Tuesday, December 7, 2010

Over Thinking.


So i have been off Uni for a Month now and have found my self with hours upon hours of free time with absolutely nothing to do, so i think... alot! i have discovered that thinking is bad, thinking just leads to over thinking, and over thinking leads to worry, uncertainty, indecisiveness and i just get stressed.
///
 i think  I know that its time to start living spontaneously. when i look back over the past about 4ish years all the best moments and decisions i have made have been spontaneous. asking Jesus into my heart was not a thought out decision but a spear of the moment one were i took the opportunity and didn't have a second thought, by far the best decision of my life. Turning down a 3 month $15,000 mountain biking contract in Mexico to go to uni was made in the moment, and has resulted in the most challenging year of my life, where i have grown so much, realised the effort i need to put into achieving my goal, and had life changing God encounters i would not have got if i went to Mexico. i guess when we think to much we focus our attention on our selves and not on God, blocking out what he is trying to say to us. Matthew 6 : 27 says
"Can any one of you by worrying add a single hour to your life?"
over thinking and worry is just stopping me from getting all i can out of life, opportunities, and the moment. I just need to stop over thinking, trust in God and live spontaneously. starting now. 

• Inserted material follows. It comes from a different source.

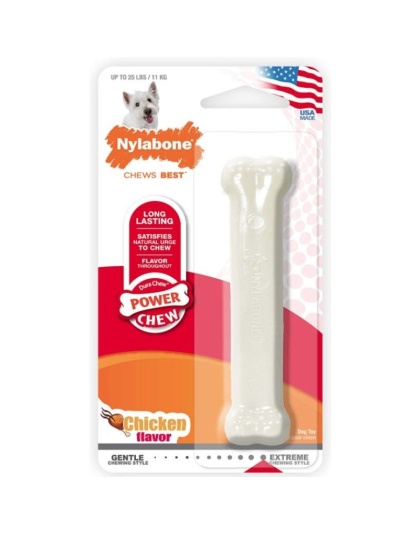 Nylabone Dura Chew Smooth White Dog Bone - Chicken Flavor - Regular (1 Pack)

Life, it can change in a second.

Walking.


possibly moving out of home next year, I just cant stand the control my parents have over my life at the moment. 'you cant do this or you cant to that', 'you have to be home by this time', 'you cant go to summer camp'. i don't even know if i want to go to uni next year or if I'm doing it just cause it seems to be the only thing my parents will support me in, they will pay for what i do only if its uni. I know they love me and they want what is only the best for me, and i am grateful for every thing they do for me. But I'm 18, school's been over for over a year for me and I'm a uni student, i want to live my life and to live without been treated like a 15 year old. i cant even use my student loan without getting told off. its such i joke, i just want my space.

...

Sunday, December 5, 2010

Big.





My God, is big, so strong, so mighty. My Gods plan for me goes beyond my wildest dream. My God is good, so good to me. He's My God and he is my refuge. He's the rock on which i stand, He's my fortress. God he is my life. He Holds the oceans in his Hand. There's nothing my God cannot do.

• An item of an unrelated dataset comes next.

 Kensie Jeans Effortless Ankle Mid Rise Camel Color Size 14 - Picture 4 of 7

Wednesday, December 1, 2010

Half Full.


Hung out with Caleb tonight after elevate for the first time in yonks, it reminded me how much of 'the man' he really is. It also reminded me why it is so much better to get advice from my leader rather than my friends, my friends always tell me what i want to hear, were as Caleb tells me what i need to hear. not saying that my friends give horrible advice, i do value it, particularly Luke Smiths, hes a pretty onto it guy.
...
its funny how when you look at a situation from one perspective it looks bad, but when you change your perspective to one that is different it looks good. The situation is the same but the perspective from which you look at it changes it from a bad situation to a good situation...if you get what i mean haha, its like that good ole illustration of "is the cup half empty or half full?" it all depends on your perspective.
...

Wednesday, November 24, 2010

Friday, November 19, 2010

"P-51 cadilac of the sky"


one thing very few people know about me is how captivated i am by World War Two Fighter planes, in particular the P-51 mustang. it has to be the most beautiful plane ever built, the greatest fighter ever built. none of this computer power jet engine rubbish of today, its completely raw, i would give any thing to be able to travel back in time to fly one of these during the war. i am adamant that one day i will own one for my self!

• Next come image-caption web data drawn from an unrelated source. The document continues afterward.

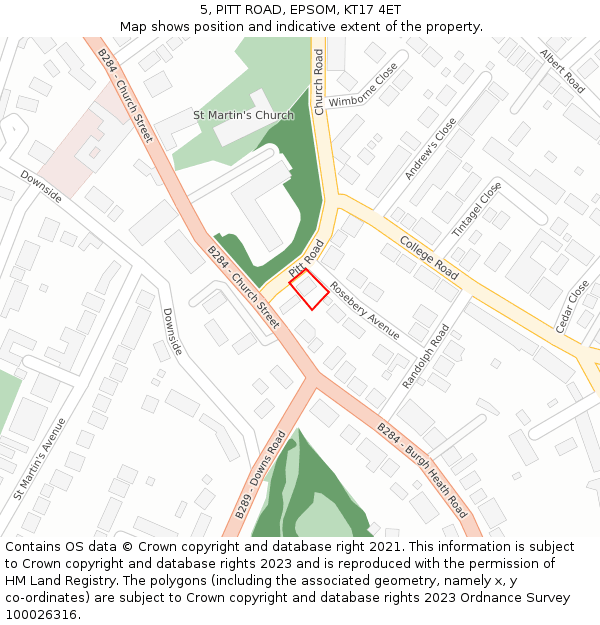 5, PITT ROAD, EPSOM, KT17 4ET: Location map and indicative extent of plot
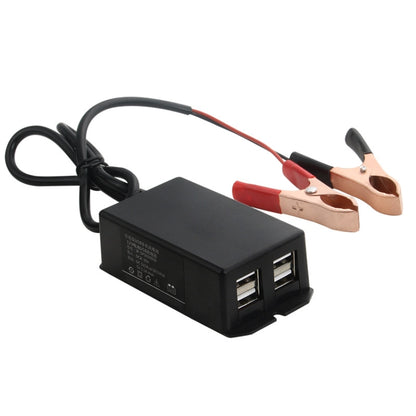 Black 4-USB phone charger with alligator clips and red/black power cable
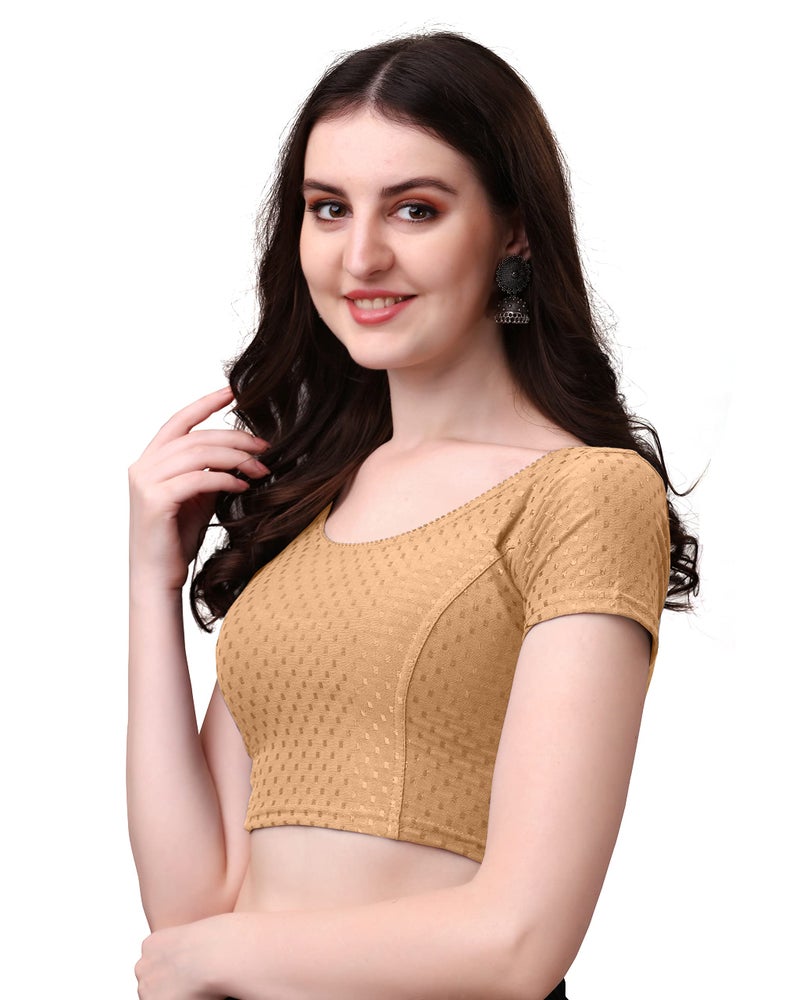 Kipzy Women's Cotton Stretchable Saree Blouse – Round Neck, Short Sleeves, Readymade Slim Fit Blouse for Women 38 Beige - Image 5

Wednesday, November 10, 2010

Life's A Skate Park.


life can be like a skate park.
I'm on my bike steering at a jump, time passes and I'm contemplating attempting the jump. I'm thinking what will happen if i case the landing? what if I'm not carrying enough speed? what if i go to far?
I do a couple of run ins to gage my speed, I sit there again steering at the jump, thinking what will happen if all goes wrong.
The longer I sit there thinking the harder it becomes to move and the more excuses I find not to do the jump. I end up pulling out and going home without even attempting the jump.
Its time to stop thinking and hit the jump with no hesitation. because the more i think the harder it gets, and going home with the regret of not attempting the jump will annoy and hurt me more than the cuts, gashes and bruises that i will get if i fail.

Saturday, September 18, 2010

"At Least We Made It This Far"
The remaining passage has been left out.